*** Begin section ***

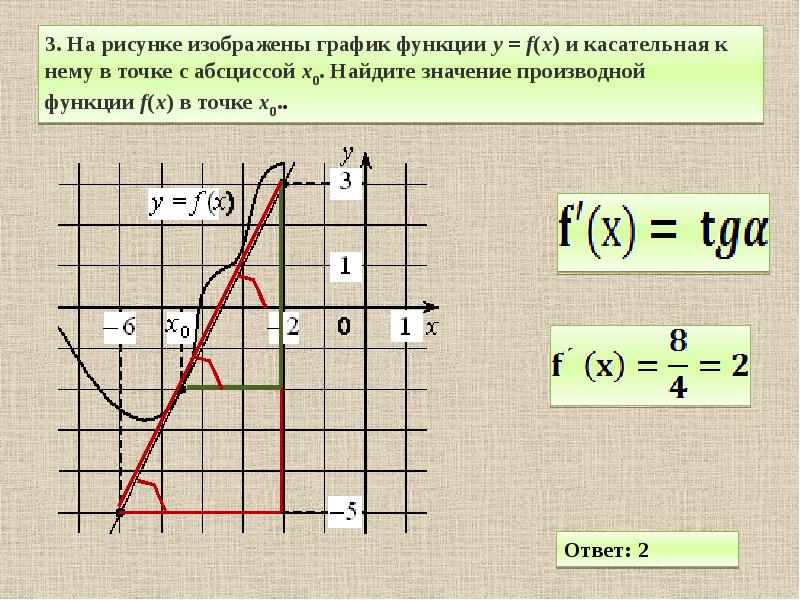 Найти график первообразной через точку. Первообразная на графике функции. График функции производной и первообразной.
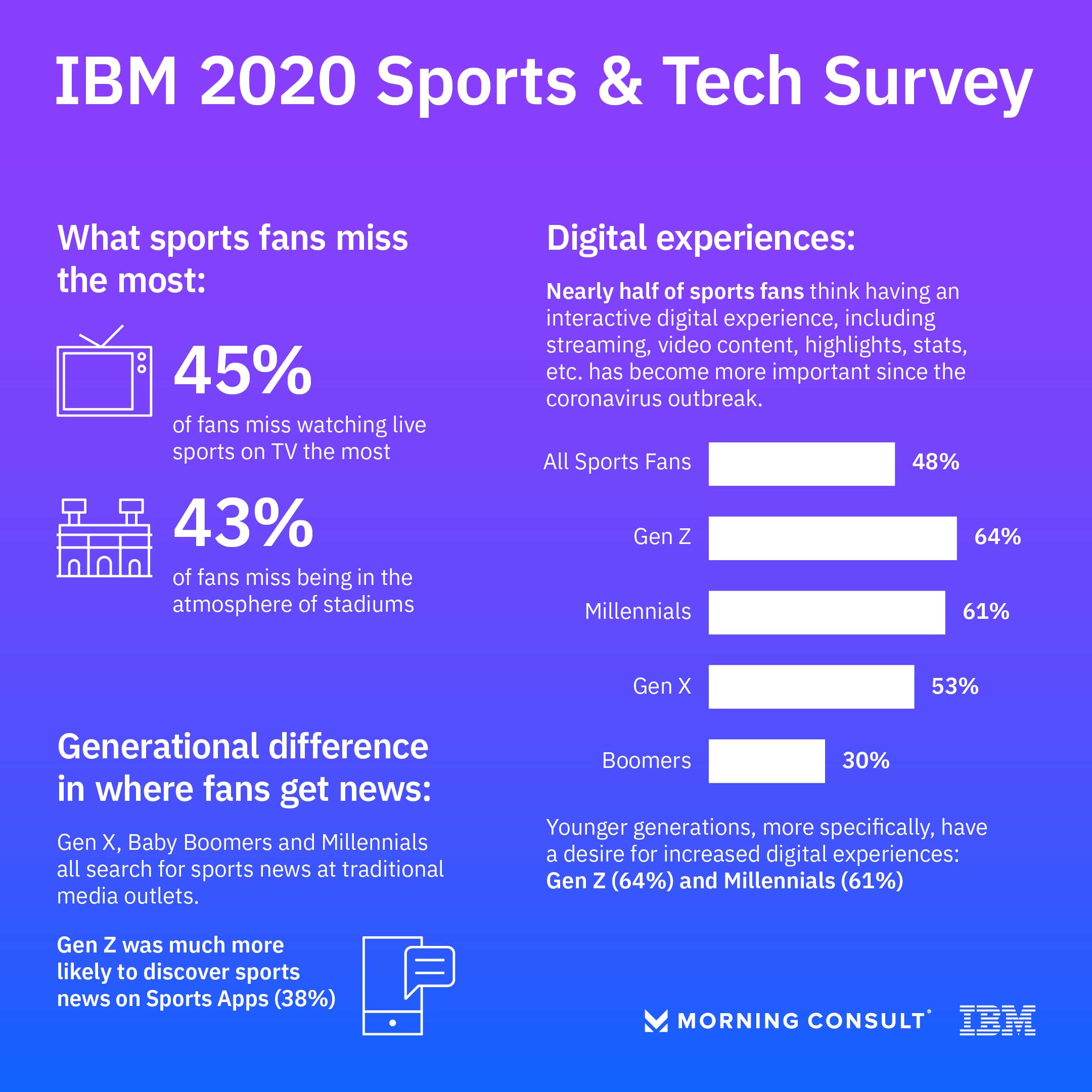 IBM Sports and Tech Survey Infographic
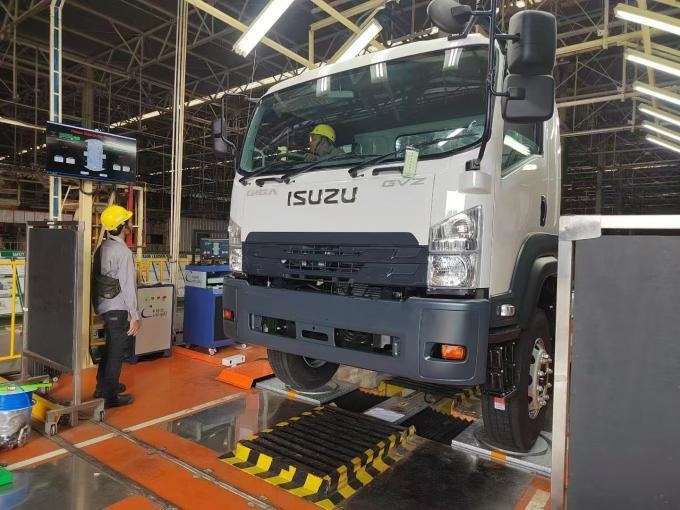 CTZJ - 10 Teste de ângulo de direcção do veículo Equipamento de inspecção de veículos para camiões e automóveis com sistema de controlo industrial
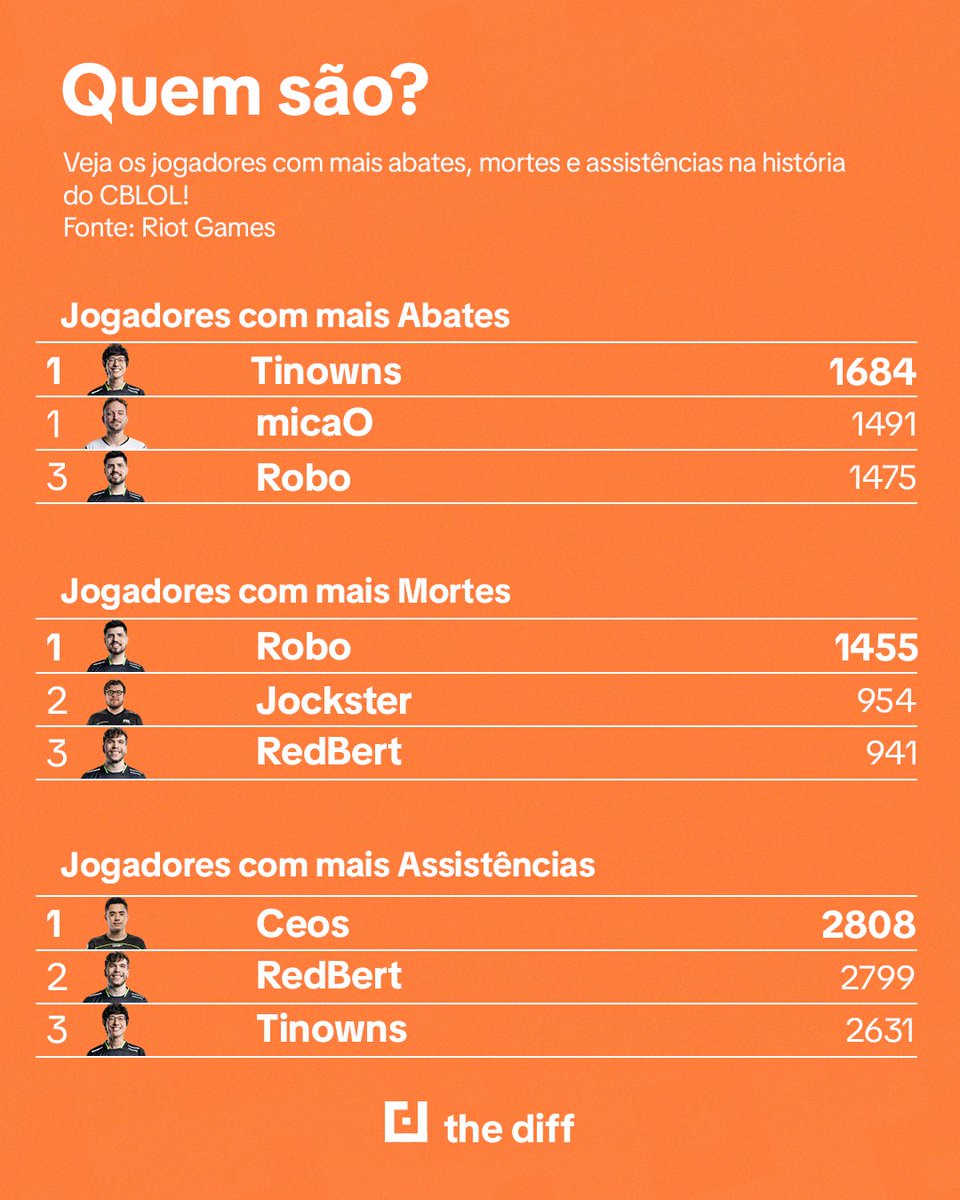 Os maiores? 💫 Confira o top 3 dos jogadores com mais abates, assistências e mortes na história do #CBLOL!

*** End section ***

Aim of the exercise: The task requires that every line above be transcribed exactly, without the images.

Exercise output:
 Найти график первообразной через точку. Первообразная на графике функции. График функции производной и первообразной.
 IBM Sports and Tech Survey Infographic
 CTZJ - 10 Teste de ângulo de direcção do veículo Equipamento de inspecção de veículos para camiões e automóveis com sistema de controlo industrial
 Os maiores? 💫 Confira o top 3 dos jogadores com mais abates, assistências e mortes na história do #CBLOL!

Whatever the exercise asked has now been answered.